● **What is being asked**:
The reply should hold only the lines below beginning at the one with "Tulipanes rojos en un gris de madera." and ending at the one with "Solid Construction - a", copied exactly, with every picture left out.

(Listed records begins)

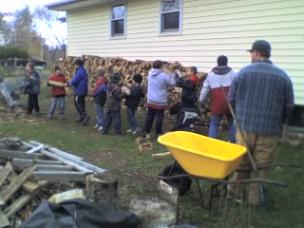 Cubs stacking fire wood for Ken Margeson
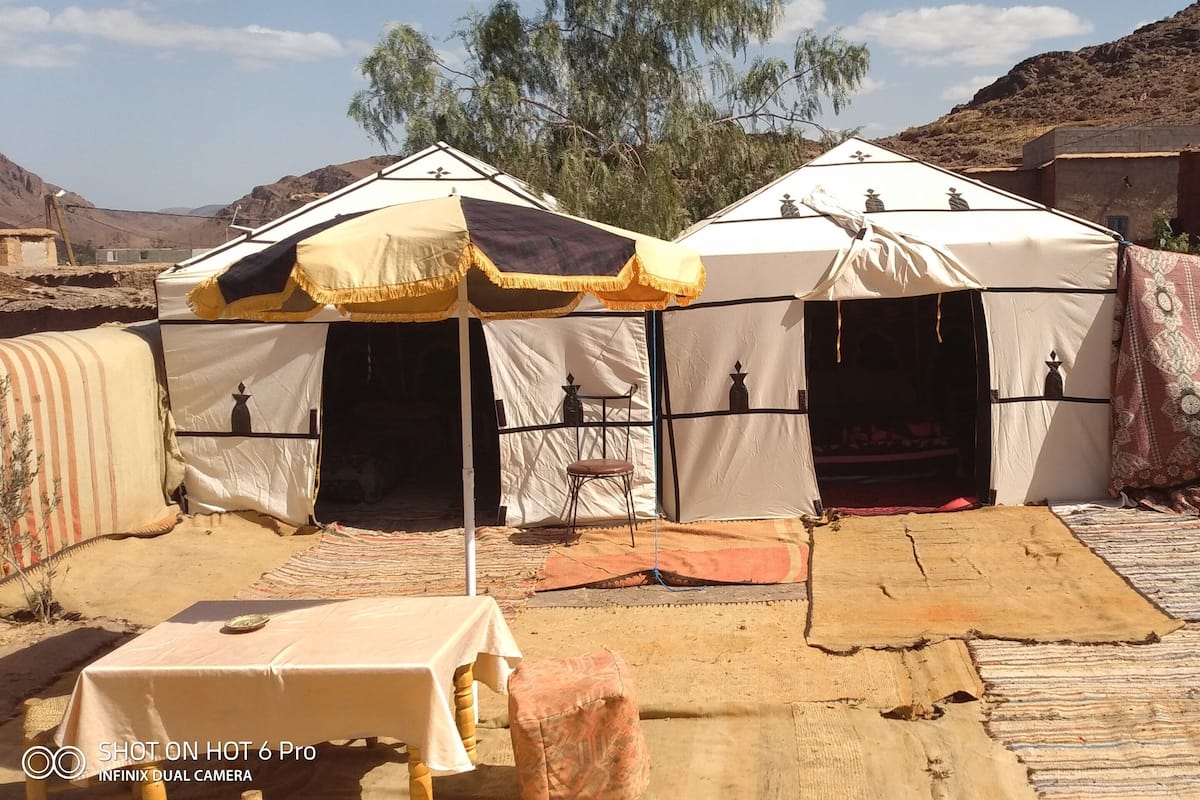 Ein Wüstencamp mit Zelten und einem Tisch.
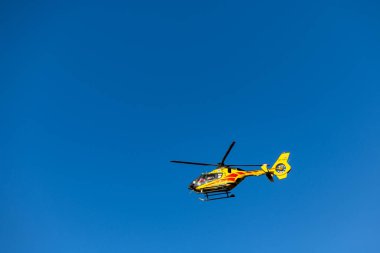 Grodzisk Mazowiecki, Masovia Voyvodalığı, Polonya. 3 Aralık 2024. Sarı LPR helikopteri kurtarma görevinde mavi gökyüzüne doğru uçuyor..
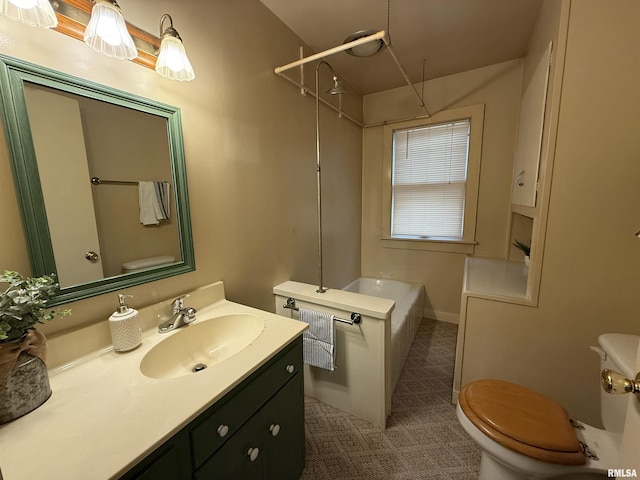 bathroom with vanity, tile patterned floors, a bathtub, and toilet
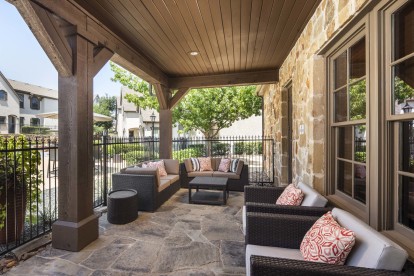 Poolside, covered patio lounge at Camden Brushy Creek apartments in Austin, TX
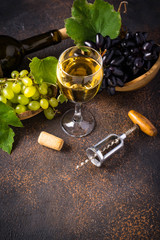 Grape, wine and vintage corkscrew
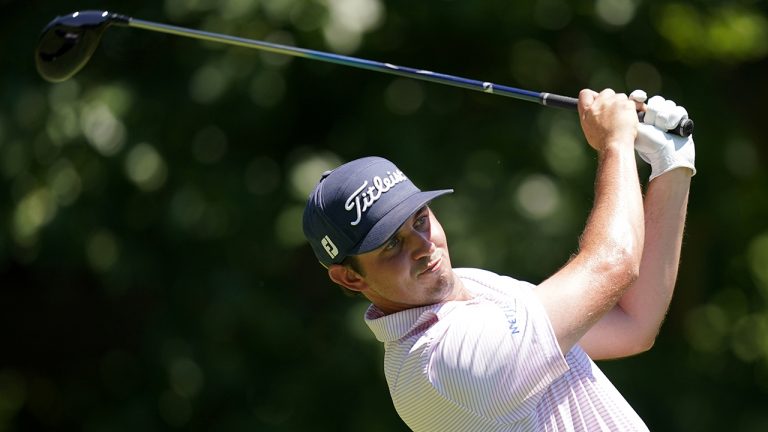 J.T. Poston hits off the second tee during the final round of the John Deere Classic golf tournament, Sunday, July 3, 2022, at TPC Deere Run in Silvis, Ill. (Charlie Neibergall/AP)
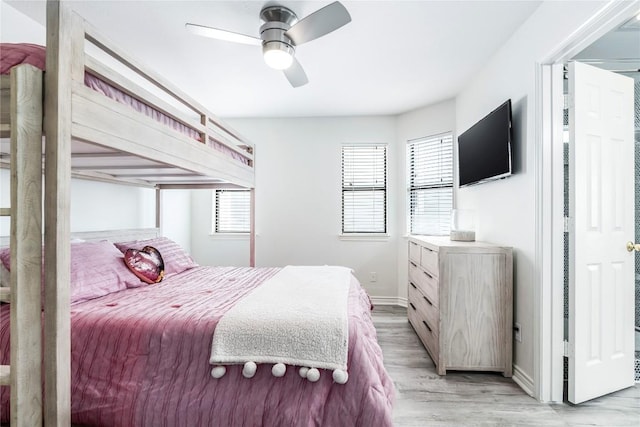 bedroom featuring baseboards, a ceiling fan, and light wood-style floors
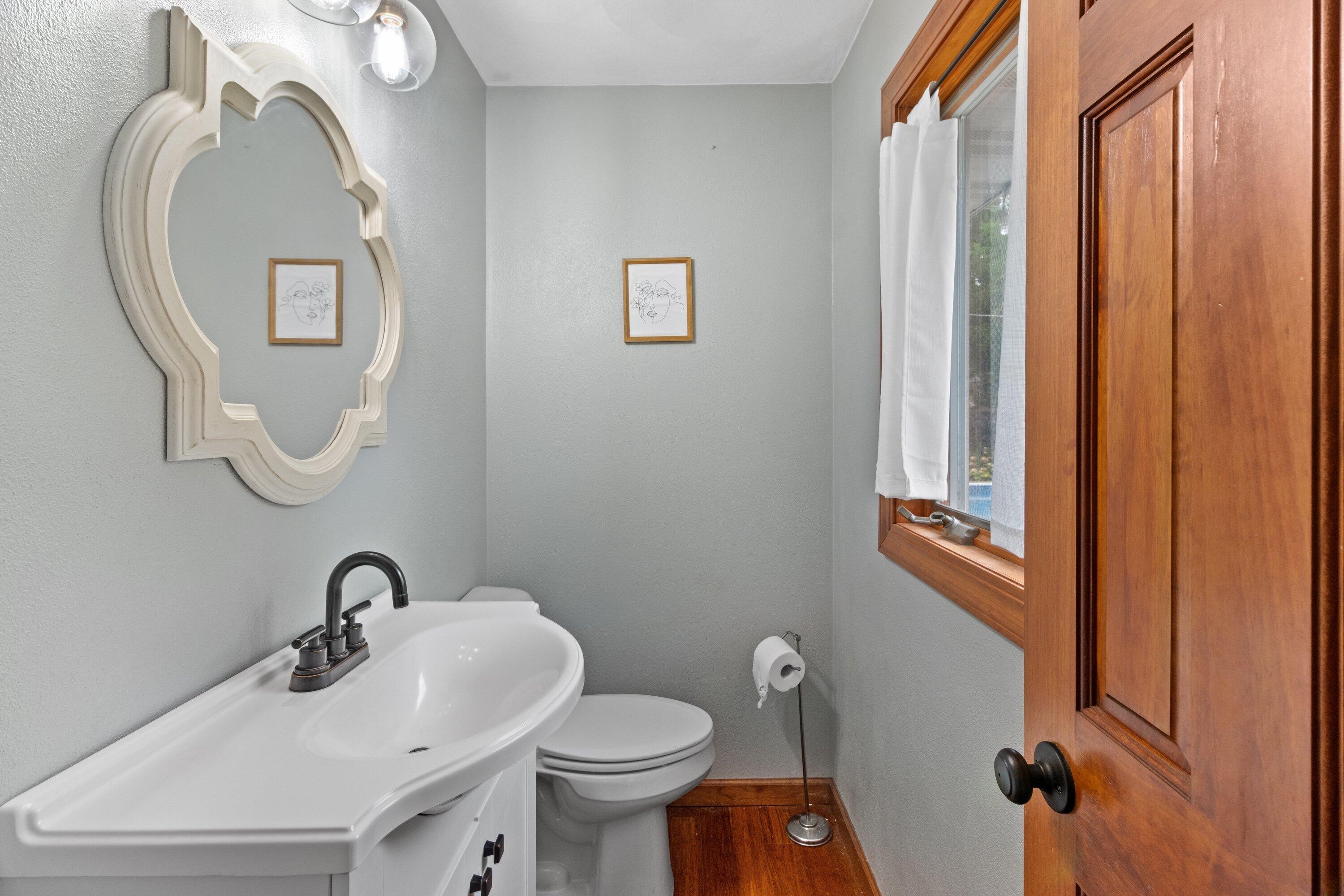 Bathroom with a white vanity, ornate mirror, toilet, and warm wood flooring and trim.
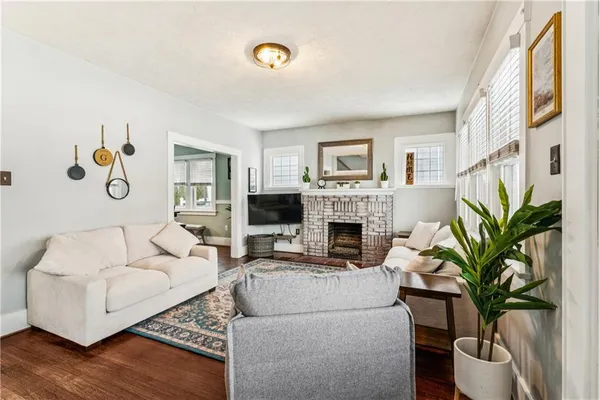 a living room with furniture a fireplace and a potted plant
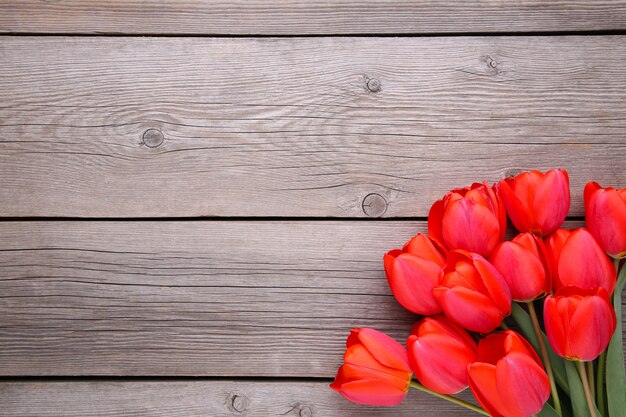 Tulipanes rojos en un gris de madera.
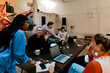 © Maskot - Group of male and female business professionals working together at tech-start up office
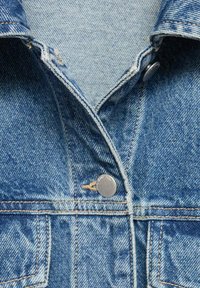 Giacca in denim blu chiaro con chiusura a bottoni, dettagli di cucitura visibili e design del colletto classico. La texture appare leggermente usurata.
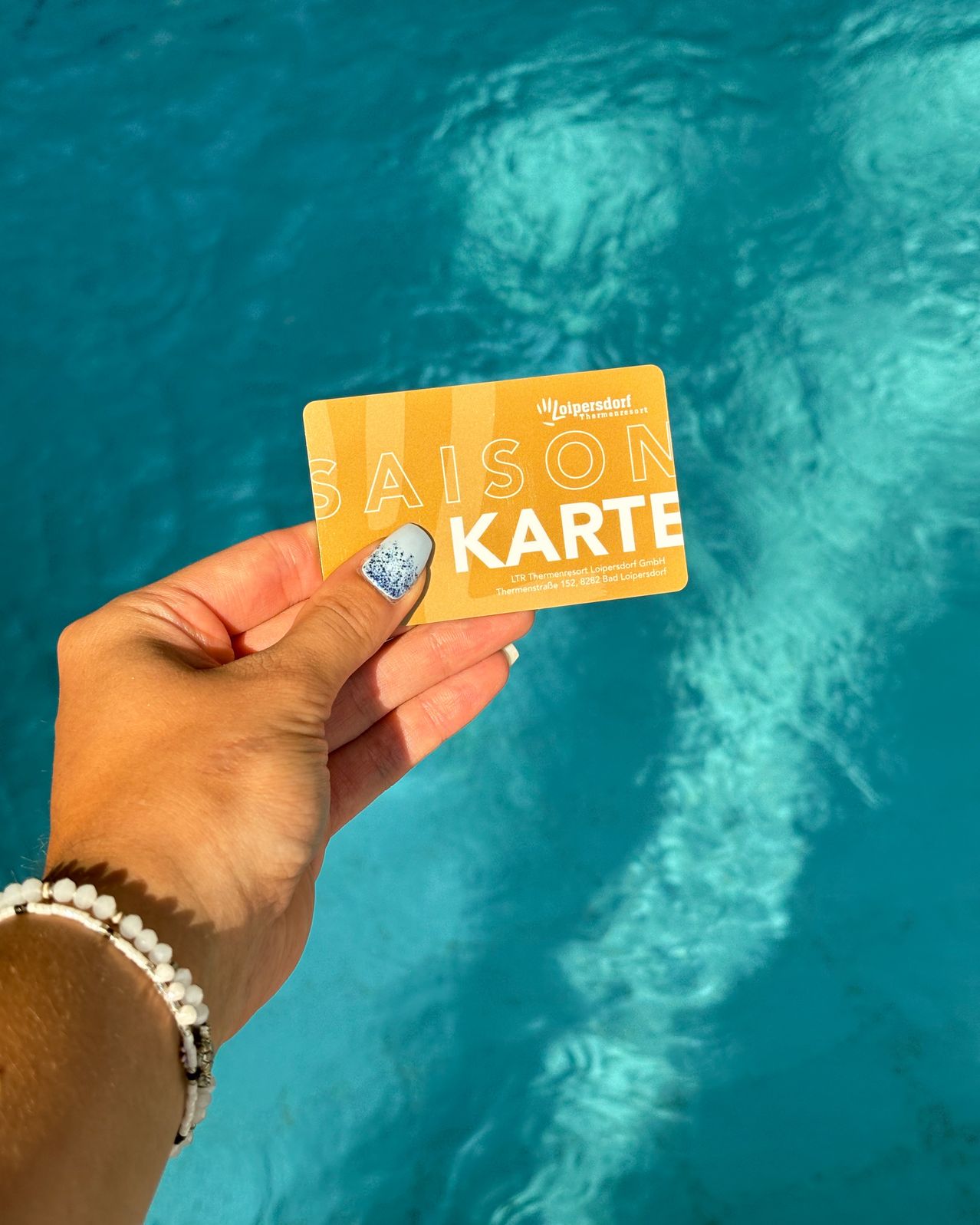 A hand holding a yellow card with the text 'SAISON KARTE' against a blue water background.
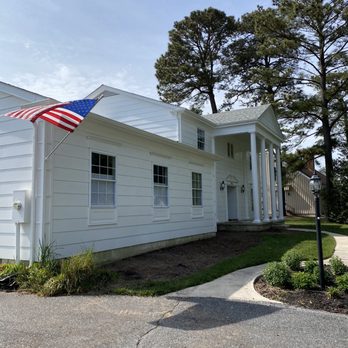 Solid Construction - a white house with an american flag on the front porch - General Contractors Near Me - Lewes, Delaware
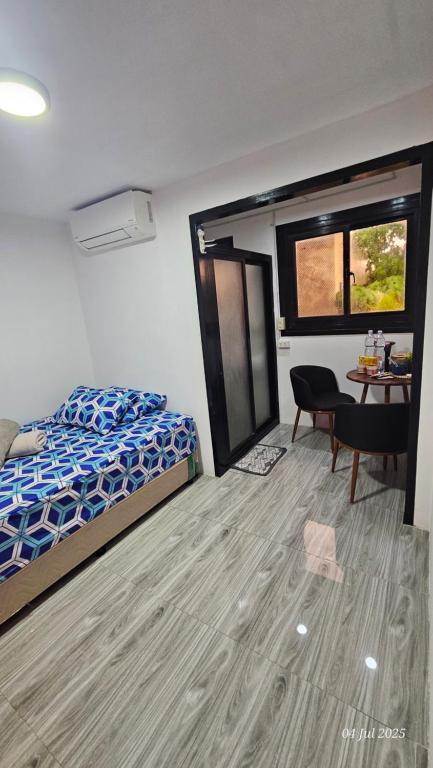 a bedroom with a bed and a desk and a table at Jolie Joes Standard Room with Private Bathroom in Tagudin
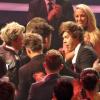 Exclusif - Le groupe One Direction (Harry Styles, Niall Horan, Louis Tomlinson, Zayn Malik, Liam Payne) à table accompagnés de James Corden lors de la cérémonie des BRIT Awards à Londres, le 20 février 2013.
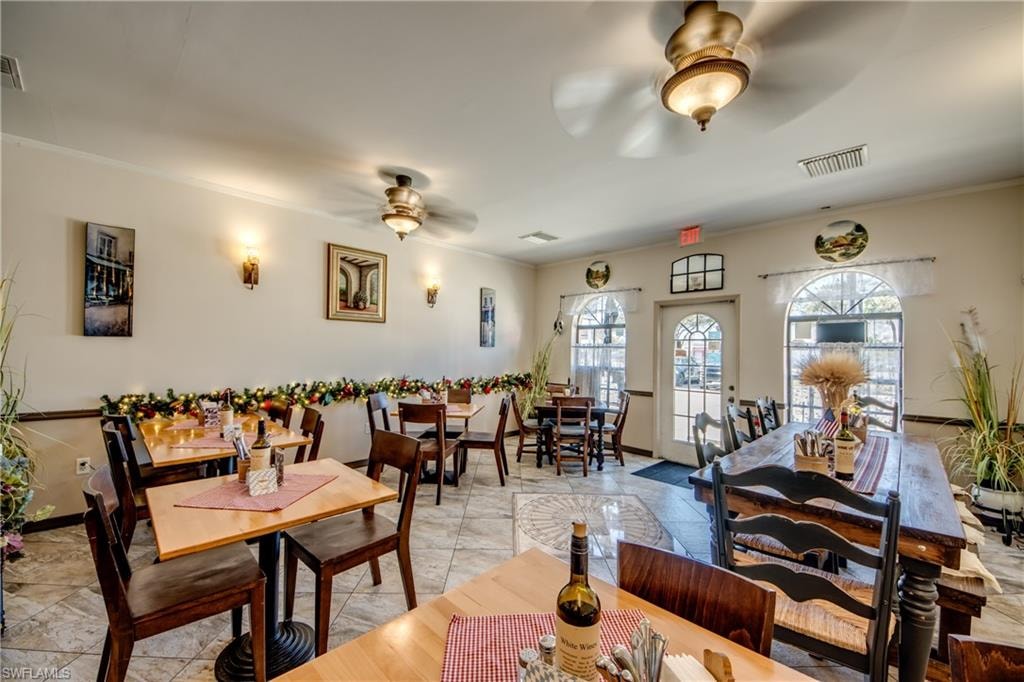 Dining room featuring ceiling fan and crown molding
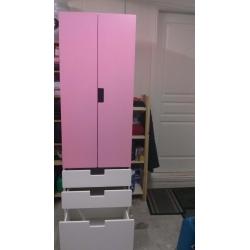Pink and white IKEA stuva wardrobe ideal for nursery or child's room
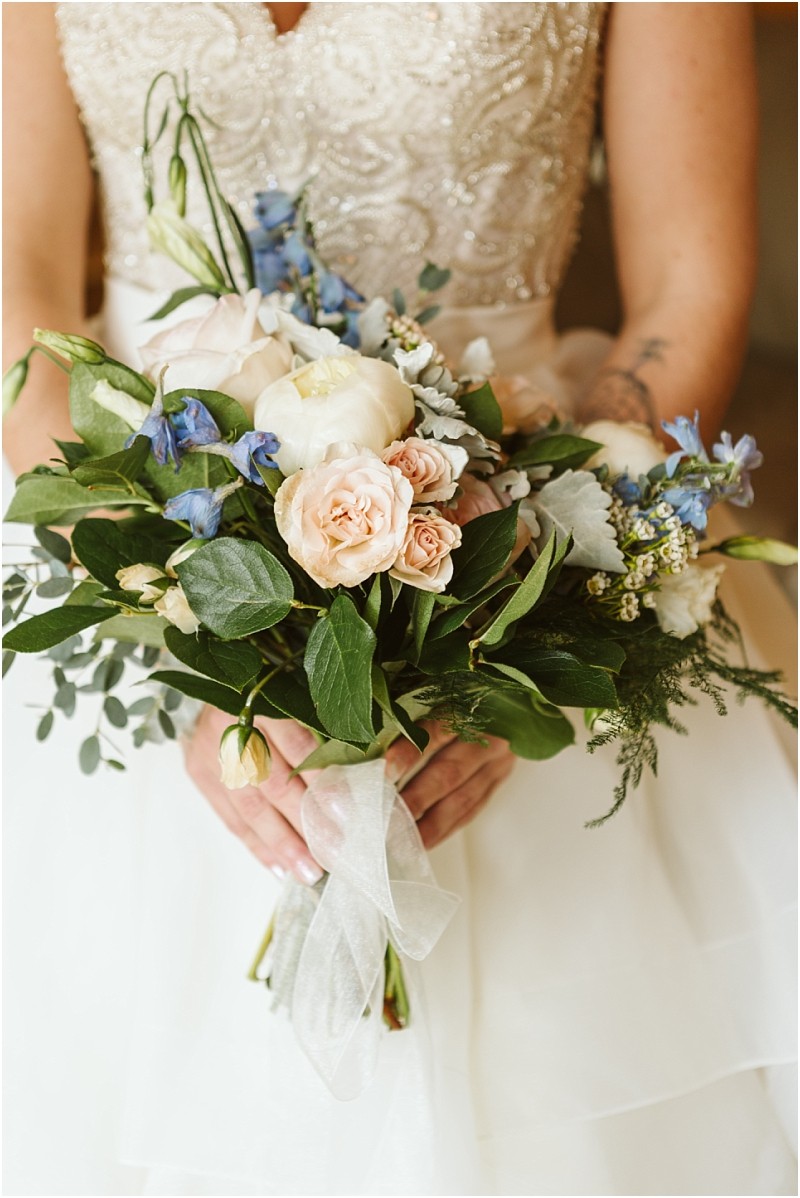 Snohomish & seattle wedding photographer | gsquared weddings photography a bride in a beaded gown holds a bouquet of pale pink roses white flowers blue blooms and greenery tied with a sheer white ribbonperfect for an intimate methow elopement | wedding photo by gsquared weddings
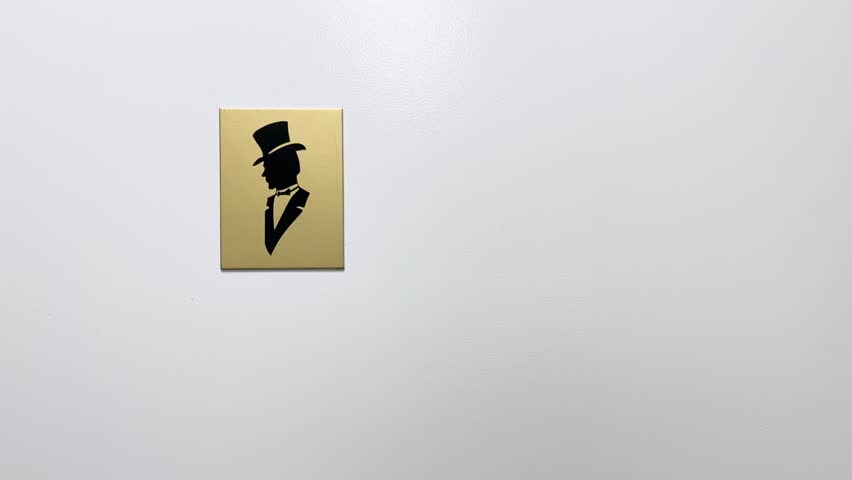 Men's Public Restroom Entrance Sign - White Door with Iconic Gentleman Silhouette Symbol in Top Hat and Tuxedo for Male Bathroom Access and Facilities Royalty-Free Stock Footage #3477577619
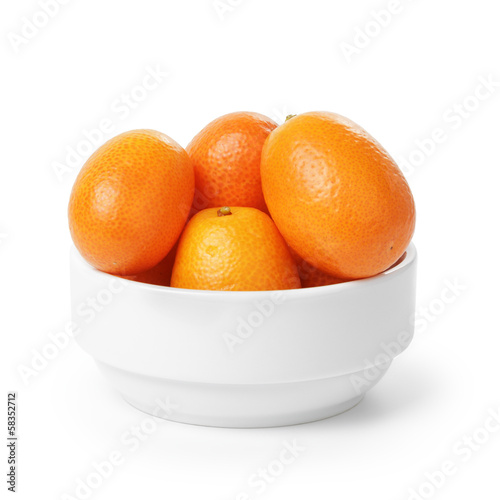 ripe kumquat fruits in bowl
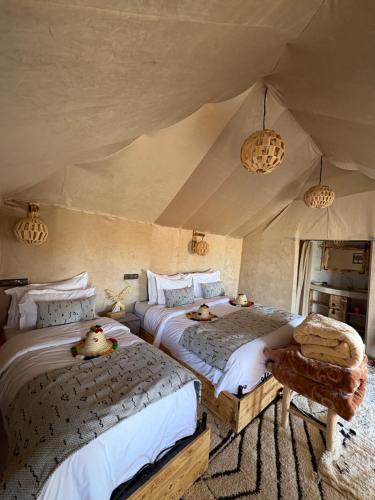 a bedroom with two beds with ducks on them at Peaceful Luxury Camp in Merzouga
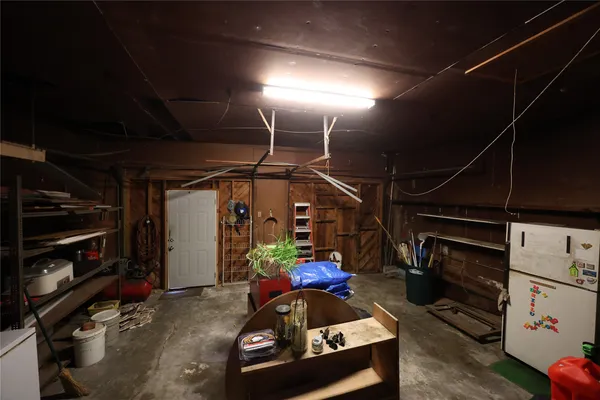 a bathroom with a sink a mirror and a shower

(Listed records ends)

● **Response**:
 Tulipanes rojos en un gris de madera.
 © Maskot - Group of male and female business professionals working together at tech-start up office
 Giacca in denim blu chiaro con chiusura a bottoni, dettagli di cucitura visibili e design del colletto classico. La texture appare leggermente usurata.
 A hand holding a yellow card with the text 'SAISON KARTE' against a blue water background.
 Solid Construction - a white house with an american flag on the front porch - General Contractors Near Me - Lewes, Delaware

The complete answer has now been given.